RETOUR À REIMS (FRAGMENTS)
Des fragments qui en disent long
Reprenant des éléments de l’essai autobiographique de Daniel Eribon, ce documentaire explore l’histoire sociale et politique de la France…
En 2009, le philosophe et sociologue Daniel Eribon publiait un essai autobiographique, "Retour à Reims". Une décennie après, Jean-Gabriel Périot se réapproprie l’ouvrage pour en tirer une adaptation documentaire certes dépouillée de certains éléments mais ô combien efficace et pertinente à propos de l’histoire sociale de la France (ouvrière surtout) et de l’évolution de la politique dans notre pays.

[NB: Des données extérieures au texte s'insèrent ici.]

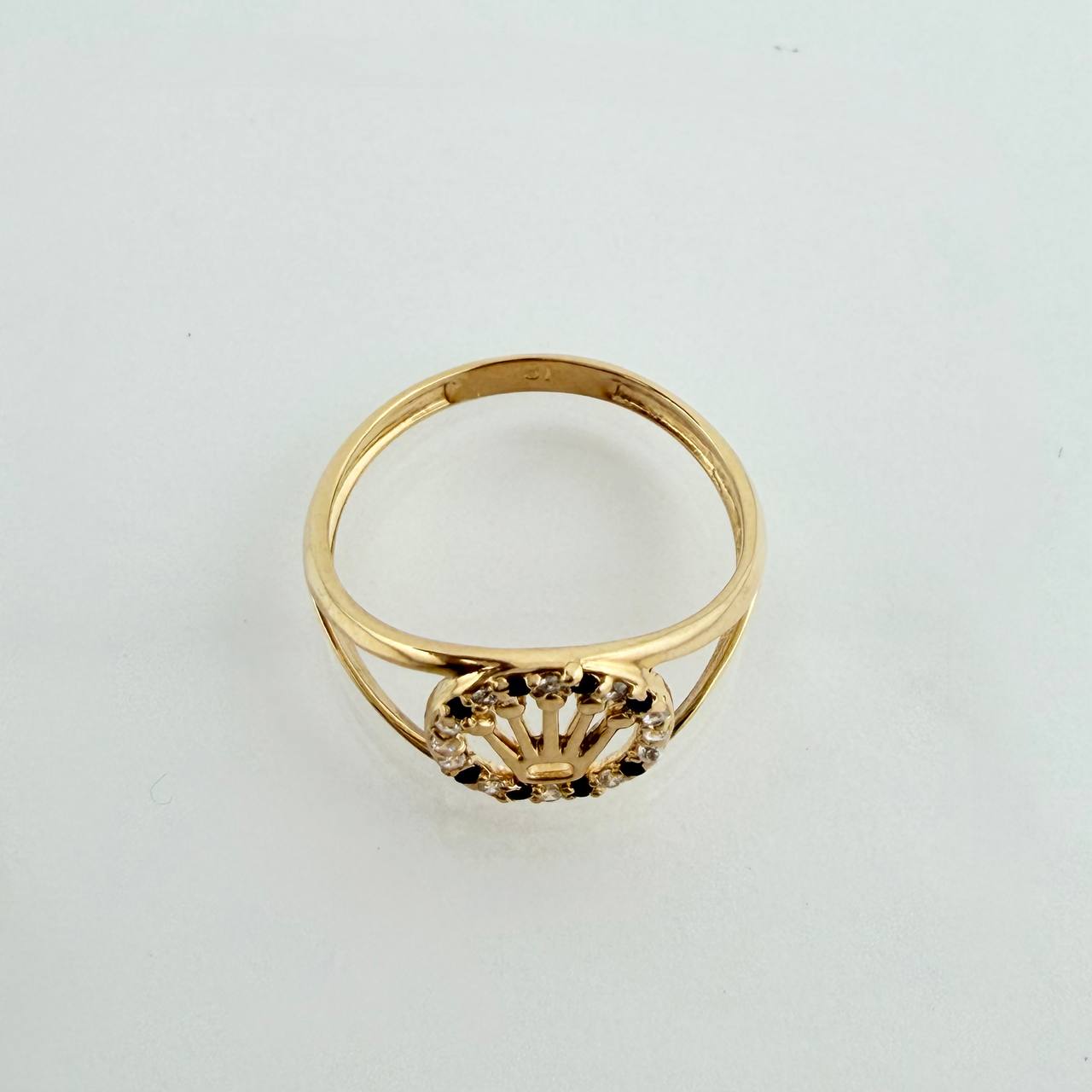 Crown Ring 1.7gr / T6 1/4 / Yellow Gold 18K &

Dans la forme, le film peut d’abord surprendre pour le choix de la voix off du commentaire, confiée à l’actrice Adèle Haenel. Mais on constate rapidement que cette narration féminine confère au récit, initialement intime et masculin, un caractère plus universel, et il est plus tard légitimé également par la dimension féministe de certains passages. En outre, même si cela peut sembler anecdotique, opter pour cette actrice, connue par ailleurs pour son militantisme contre les discriminations anti-LGBT, permet de compenser la mise à l’écart de la question de l’homosexualité, abordée dans le livre mais pas dans le film.
Le documentaire impressionne pour son choix des archives, particulièrement durant sa première partie qui exploite à bon escient des scènes de films de fiction. Si celles-ci sont sans doute nécessaires pour pallier le manque d’images documentaires adéquates pour le début du XXe siècle, elles affirment la valeur patrimoniale du cinéma : un film s’inscrit dans son époque et on peut en retirer des enseignements historiques, politiques ou sociologiques.

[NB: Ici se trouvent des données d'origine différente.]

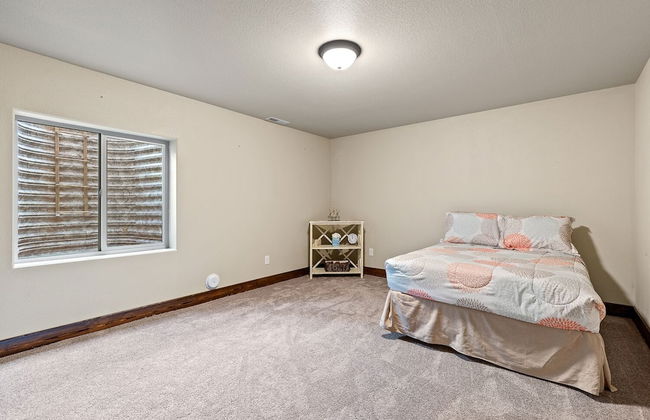 Larkspur Hills 5 BR Villa with Hot Tub - Photo 4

Mais surtout, malgré un chapitrage peu clair, "Retour à Reims (fragments)" dresse un tableau fluide et approprié des évolutions de la société française. Il frappe particulièrement juste quand il s’agit d’évoquer les mutations de la gauche et la manière dont une partie de la population (surtout les classes sociales populaires) s’est détournée de celle-ci au profit de l’extrême droite. Le bilan n’est guère reluisant quand le générique de fin arrive, mais on se dit aussi qu’il est tout à fait envisageable de retourner à nouveau la situation au profit du peuple, surtout si celui-ci s’engage à nouveau.